* **WORK ORDER**: What is needed is an exact transcription of the listing, with the images removed.

* **RECORDS FOR THE EXERCISE**:

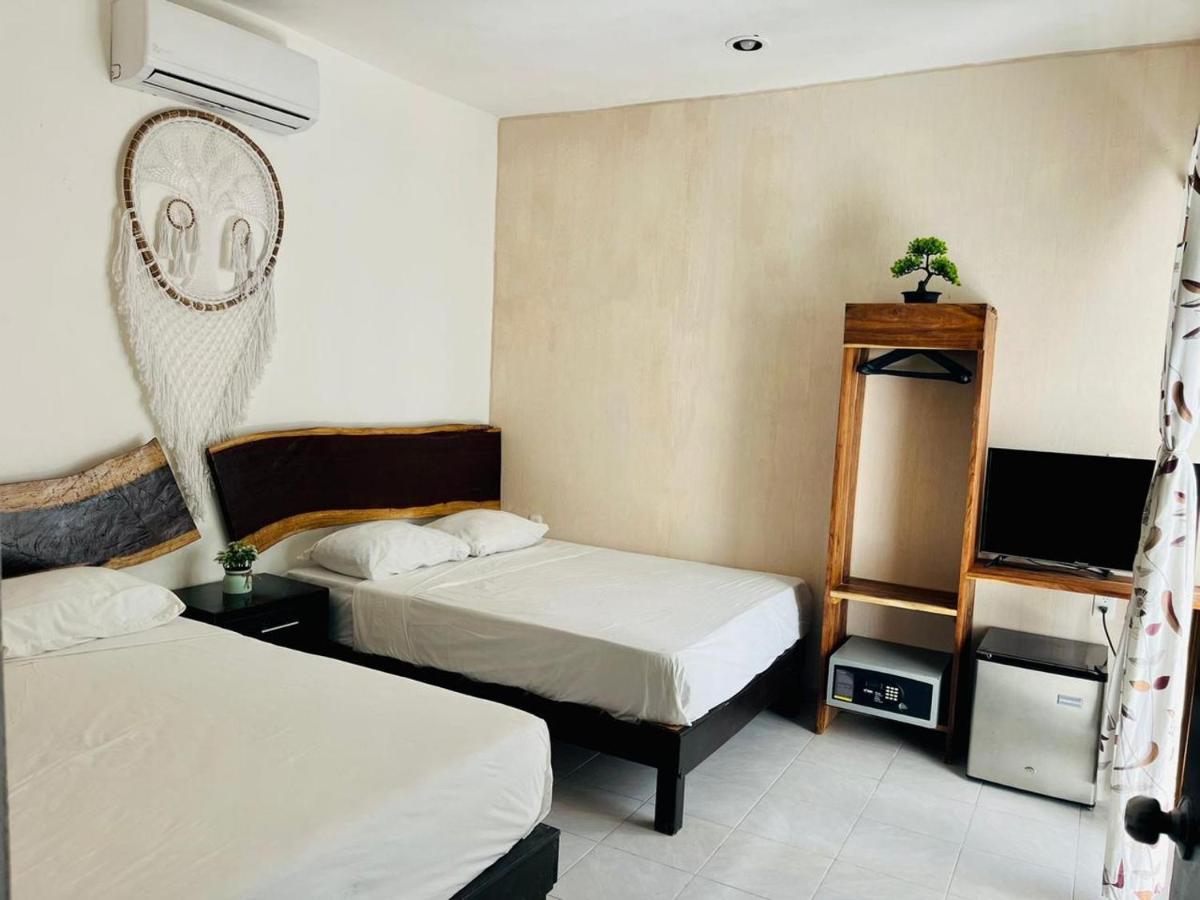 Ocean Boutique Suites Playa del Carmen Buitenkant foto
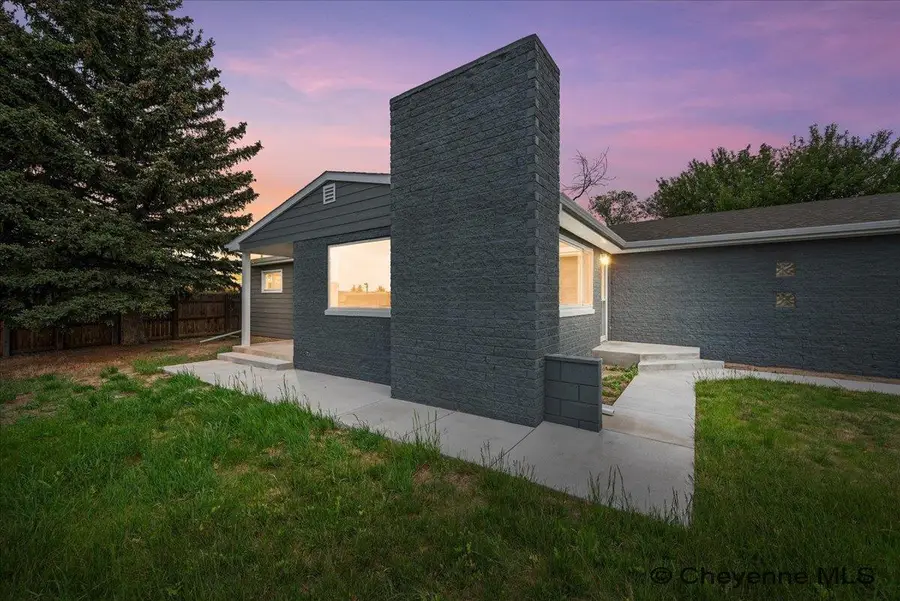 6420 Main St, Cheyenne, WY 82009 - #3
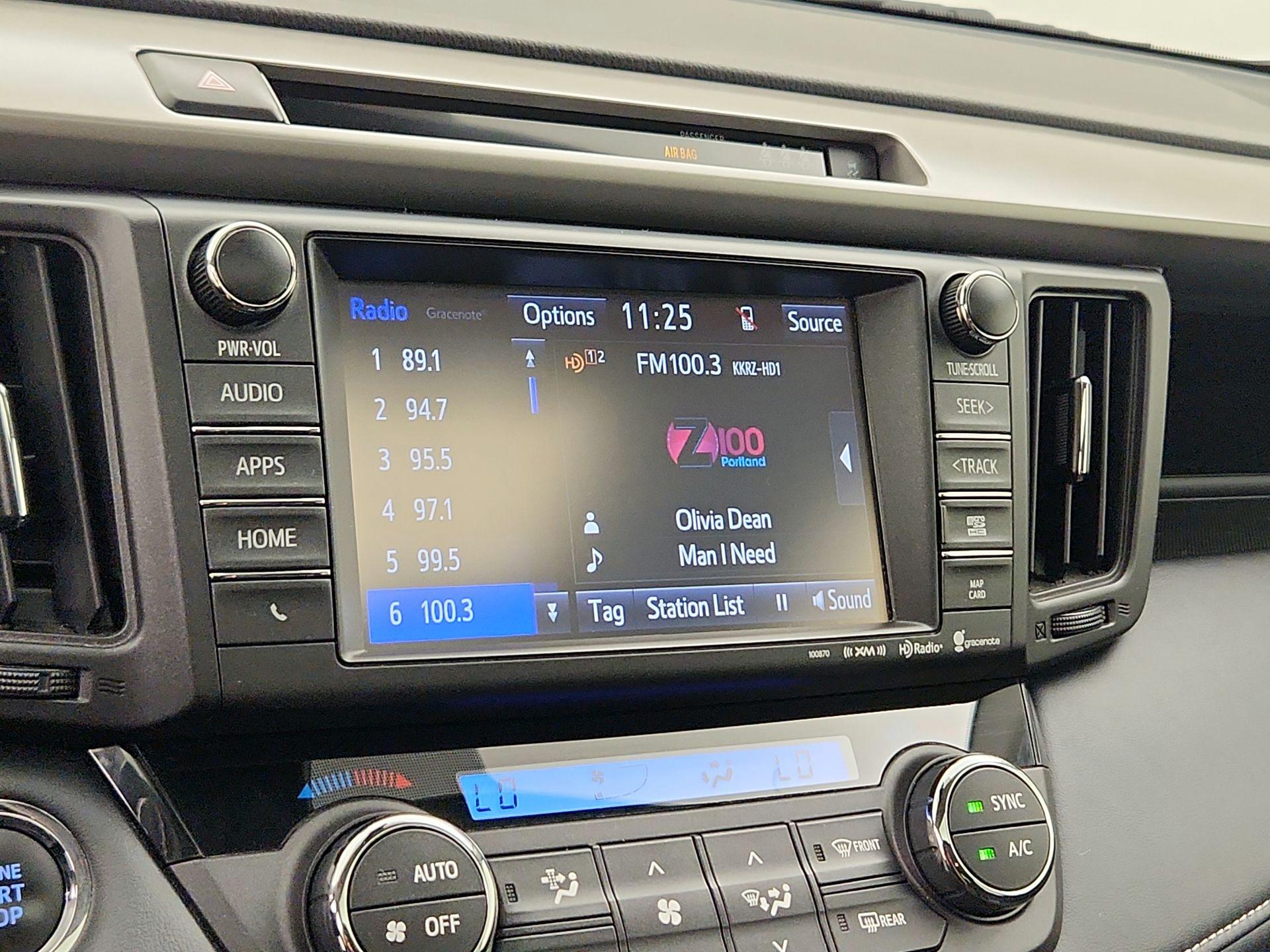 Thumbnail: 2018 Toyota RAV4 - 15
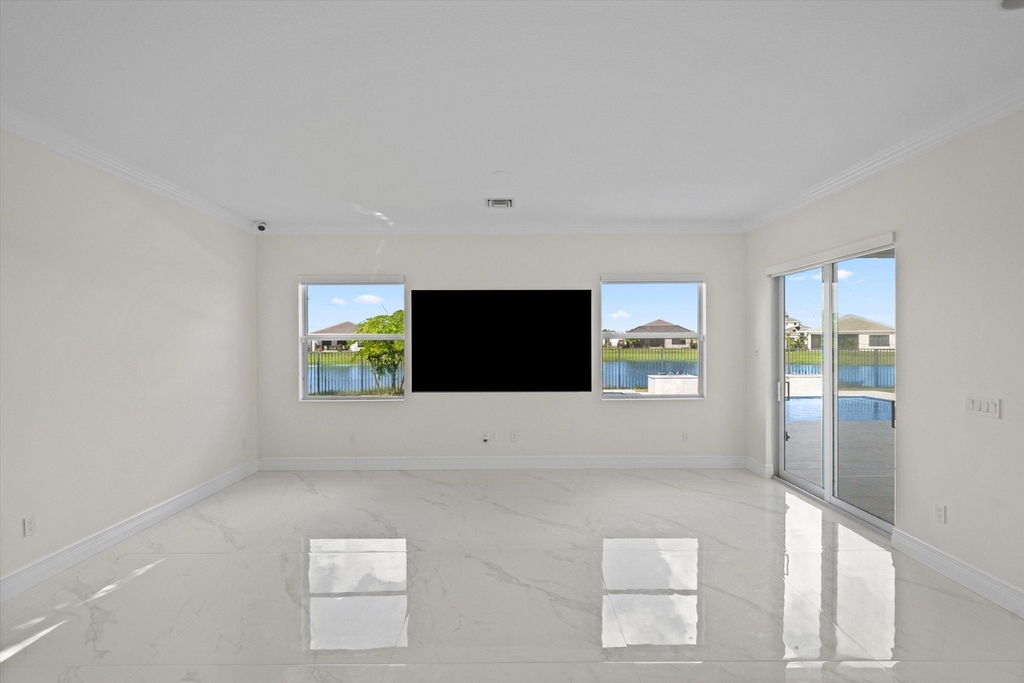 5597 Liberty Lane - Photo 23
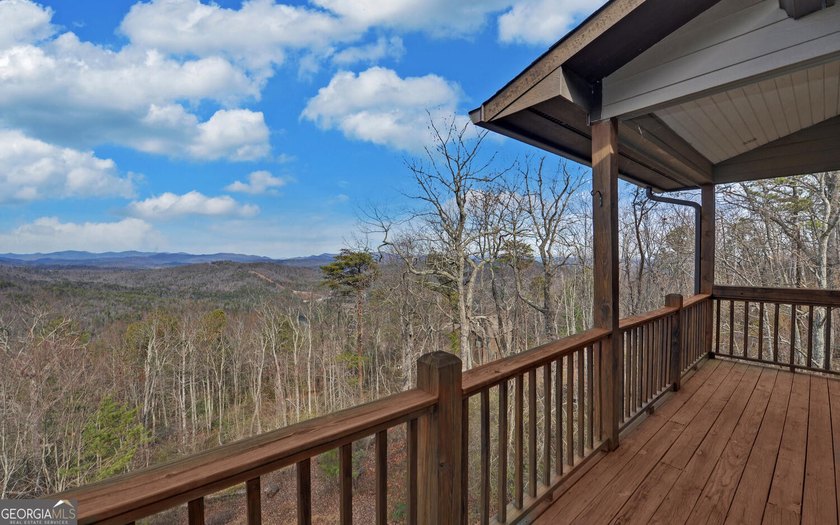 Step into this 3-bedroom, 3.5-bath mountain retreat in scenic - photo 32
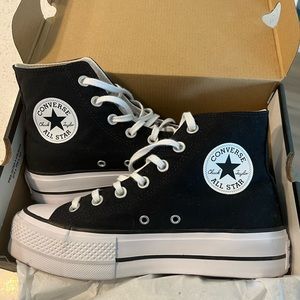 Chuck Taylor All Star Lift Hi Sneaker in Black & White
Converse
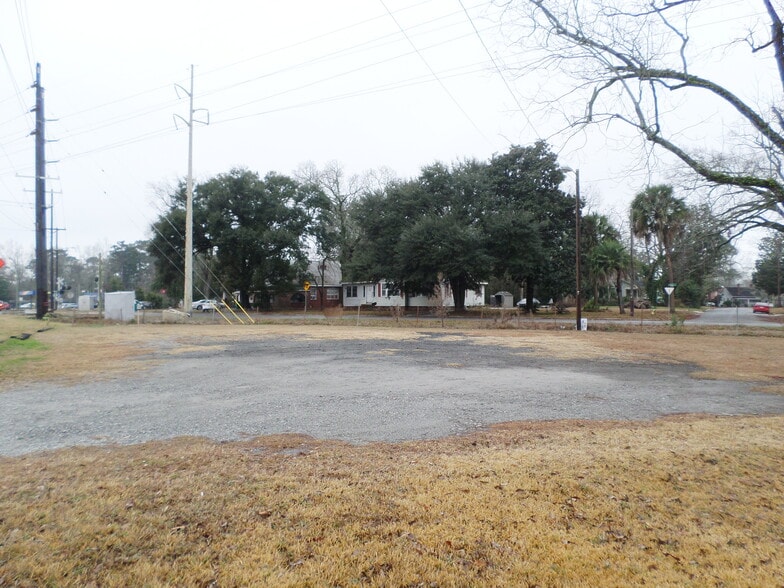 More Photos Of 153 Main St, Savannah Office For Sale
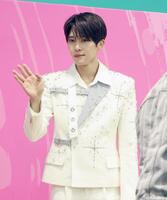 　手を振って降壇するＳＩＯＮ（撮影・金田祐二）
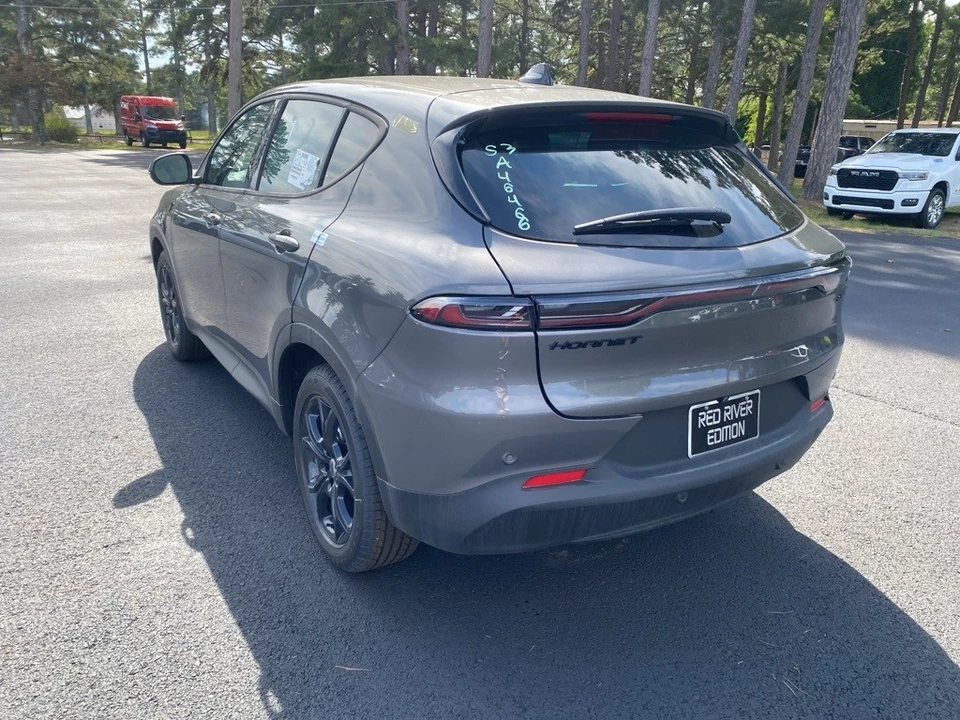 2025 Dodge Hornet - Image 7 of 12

* **EXERCISE RESPONSE**:
 Ocean Boutique Suites Playa del Carmen Buitenkant foto
 6420 Main St, Cheyenne, WY 82009 - #3
 Thumbnail: 2018 Toyota RAV4 - 15
 5597 Liberty Lane - Photo 23
 Step into this 3-bedroom, 3.5-bath mountain retreat in scenic - photo 32
 Chuck Taylor All Star Lift Hi Sneaker in Black & White
Converse
 More Photos Of 153 Main St, Savannah Office For Sale
 　手を振って降壇するＳＩＯＮ（撮影・金田祐二）
 2025 Dodge Hornet - Image 7 of 12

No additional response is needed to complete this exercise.